Action item.
Write out, word for word and with no pictures, each line below from the one containing "أفضل انشطة عند زيارة قصر عابدين القاهرة" through the one containing "Distributeur de friandises en silicone", both included, and no other line.

Source material.
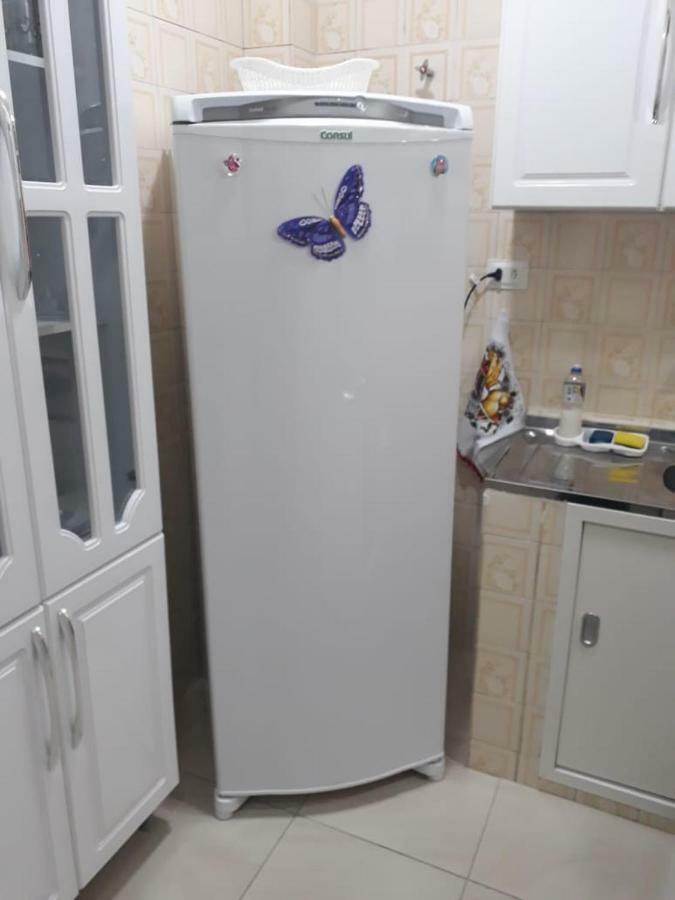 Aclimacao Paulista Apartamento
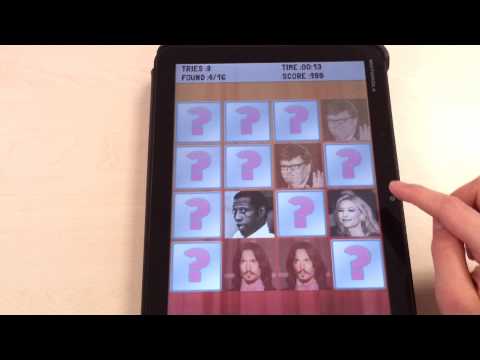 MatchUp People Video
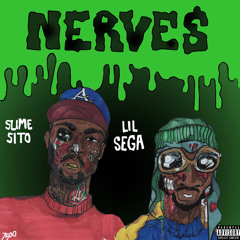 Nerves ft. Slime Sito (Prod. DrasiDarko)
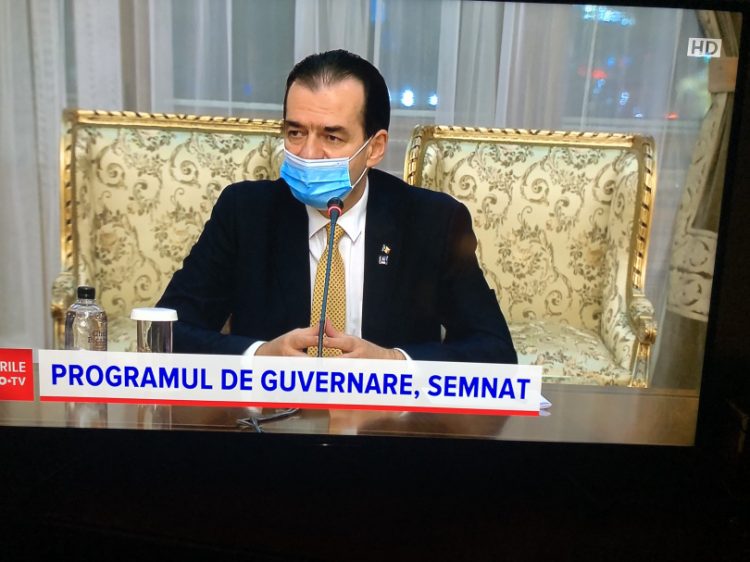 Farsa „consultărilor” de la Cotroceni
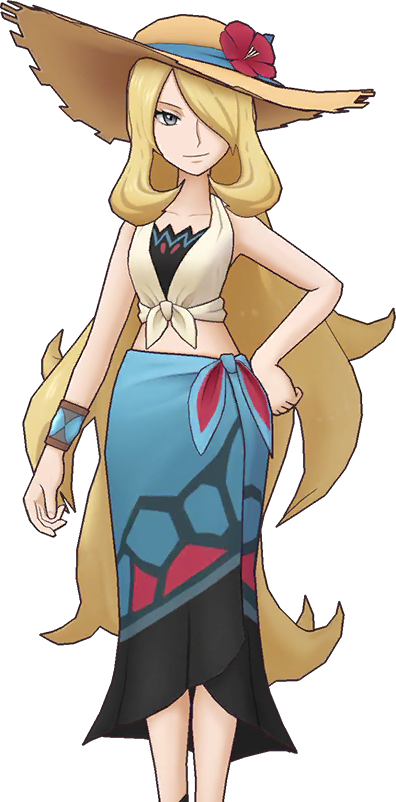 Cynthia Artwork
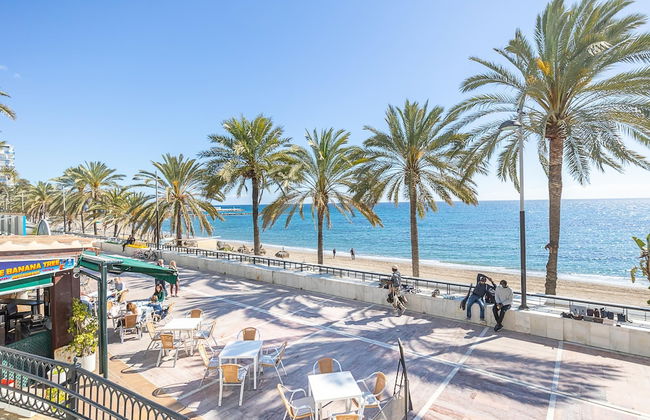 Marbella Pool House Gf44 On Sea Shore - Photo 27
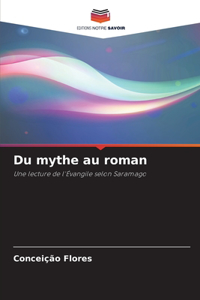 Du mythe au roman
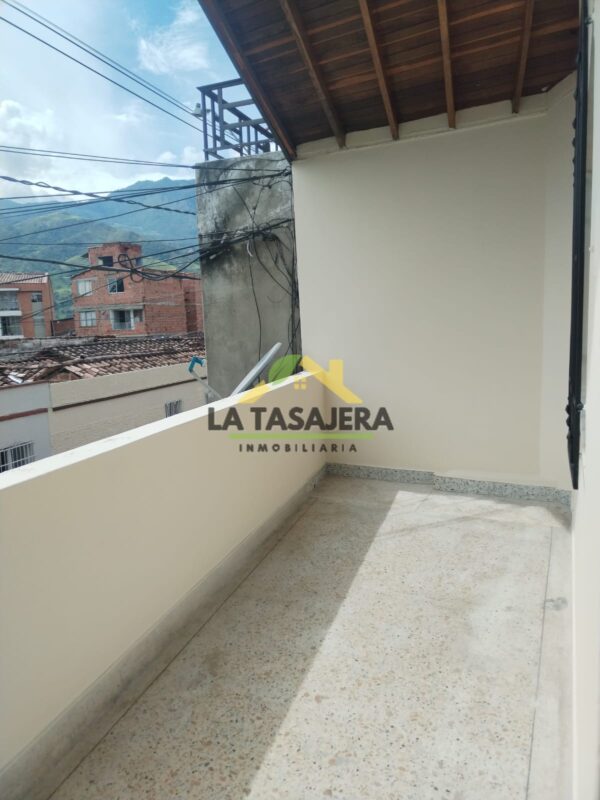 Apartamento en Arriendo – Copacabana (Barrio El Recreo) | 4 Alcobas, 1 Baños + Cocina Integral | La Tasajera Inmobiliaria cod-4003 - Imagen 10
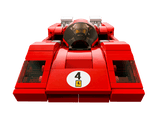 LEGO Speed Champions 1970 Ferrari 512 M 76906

--

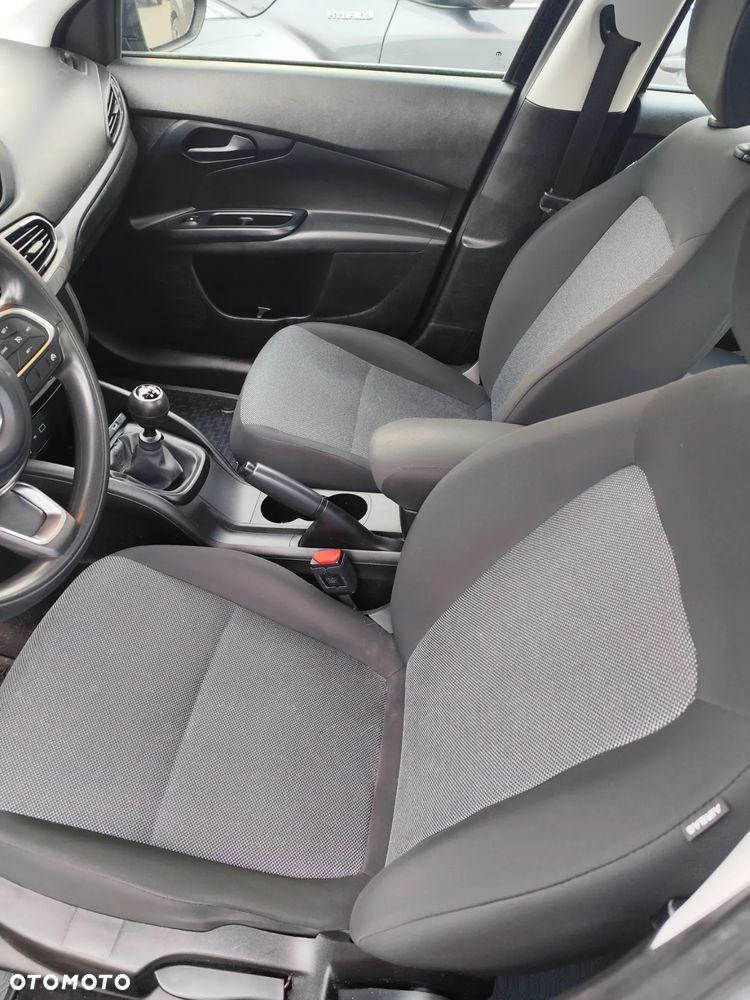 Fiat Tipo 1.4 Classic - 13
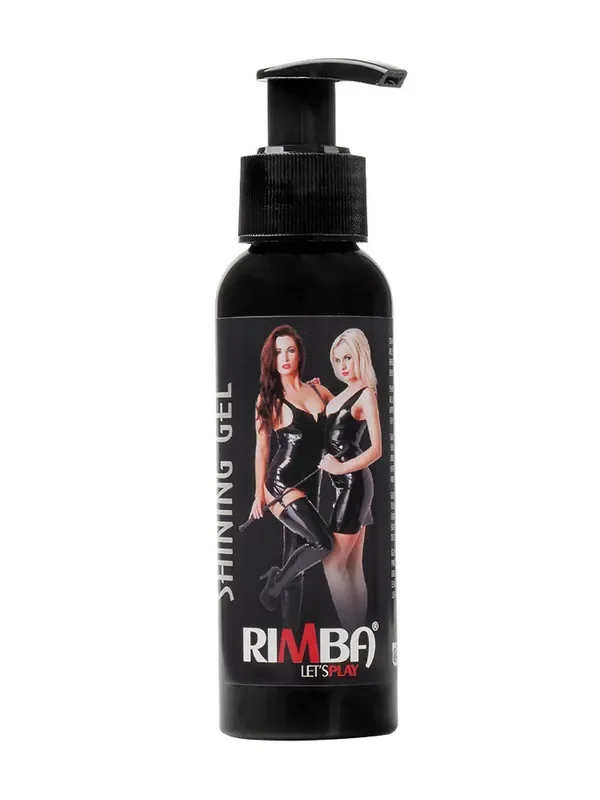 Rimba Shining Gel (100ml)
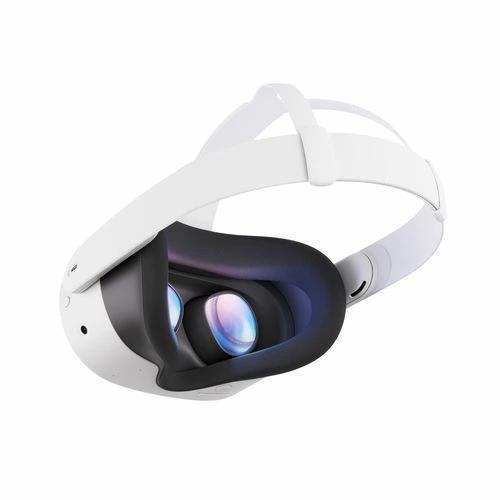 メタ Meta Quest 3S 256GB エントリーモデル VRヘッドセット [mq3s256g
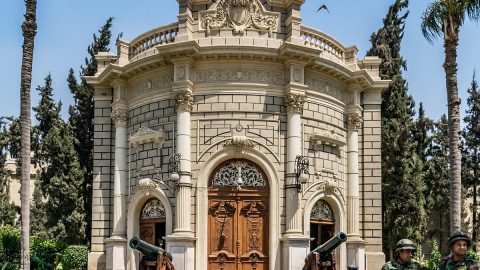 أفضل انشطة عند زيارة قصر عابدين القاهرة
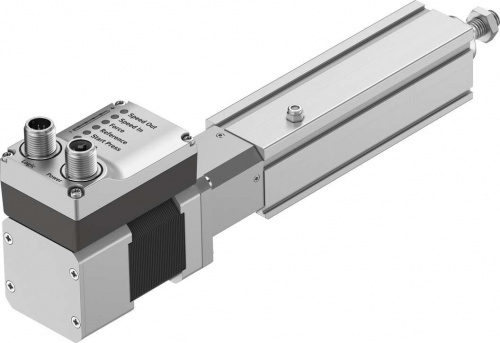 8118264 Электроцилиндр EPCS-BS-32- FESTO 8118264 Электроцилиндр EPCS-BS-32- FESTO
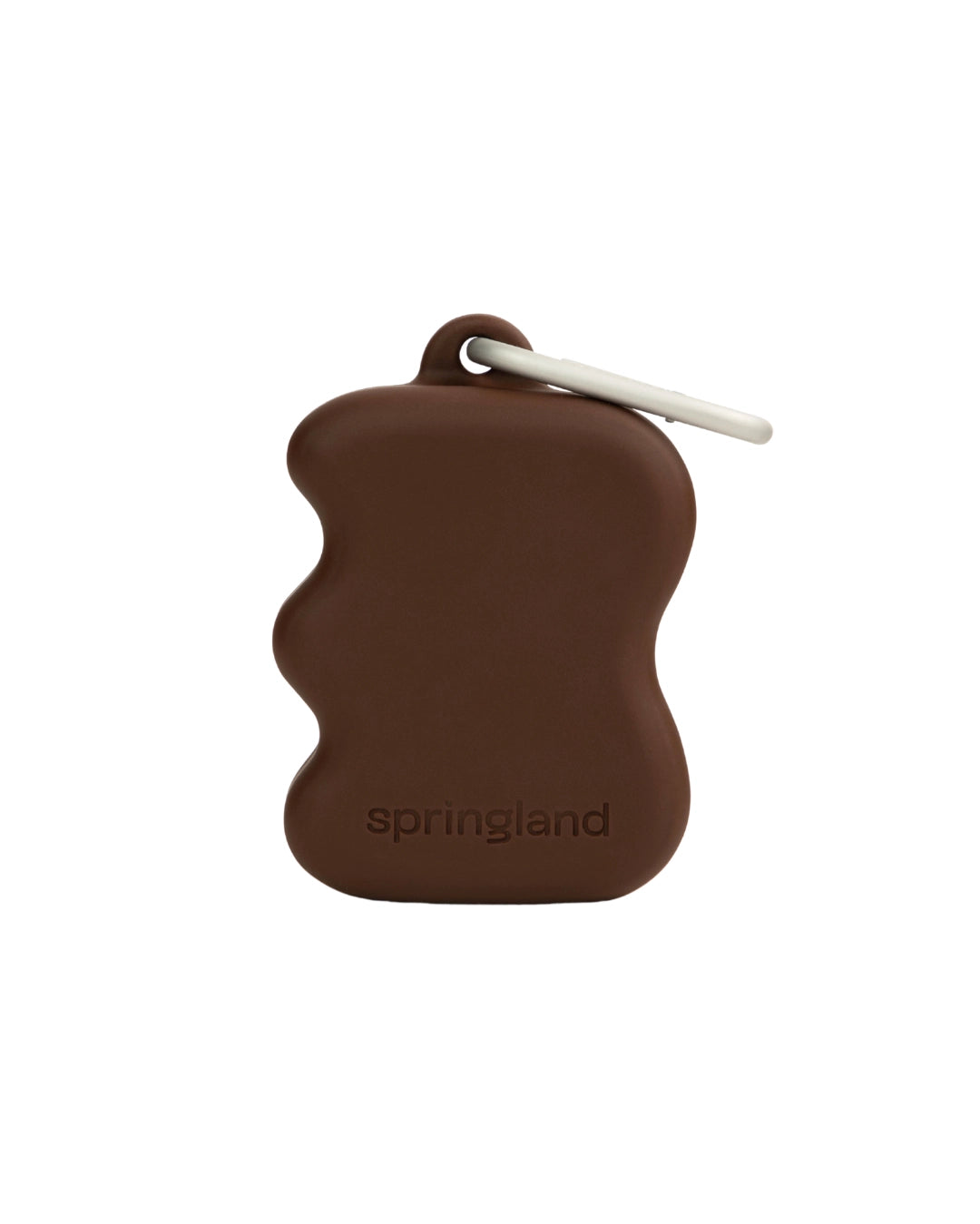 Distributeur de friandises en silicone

--

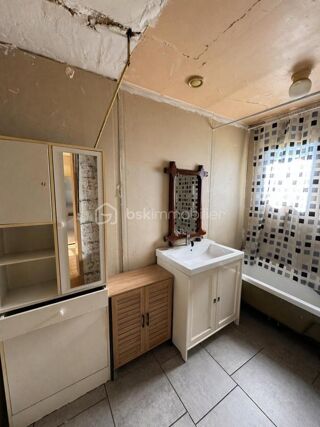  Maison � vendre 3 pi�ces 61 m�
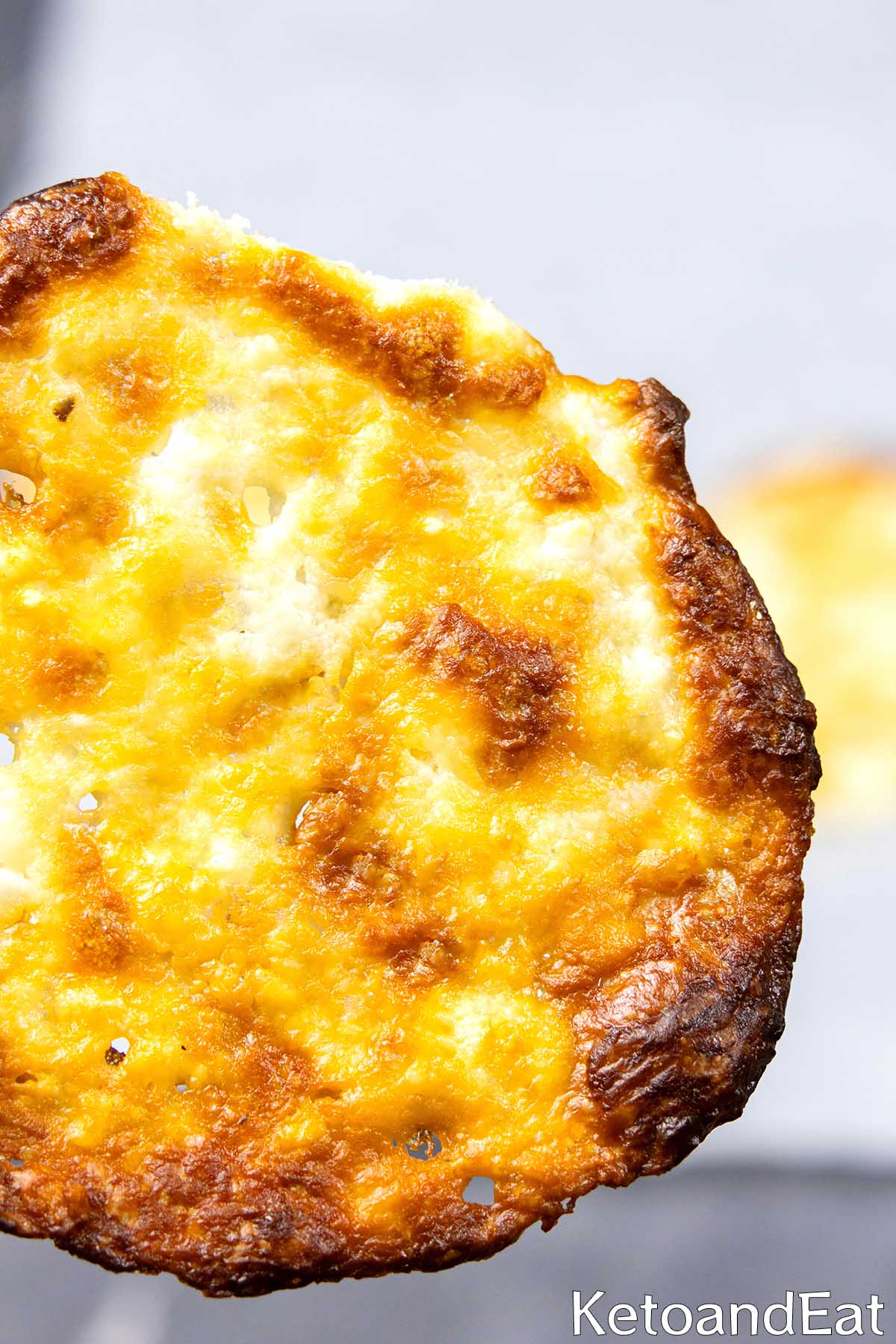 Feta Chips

Your response.
 أفضل انشطة عند زيارة قصر عابدين القاهرة
 8118264 Электроцилиндр EPCS-BS-32- FESTO 8118264 Электроцилиндр EPCS-BS-32- FESTO
 Distributeur de friandises en silicone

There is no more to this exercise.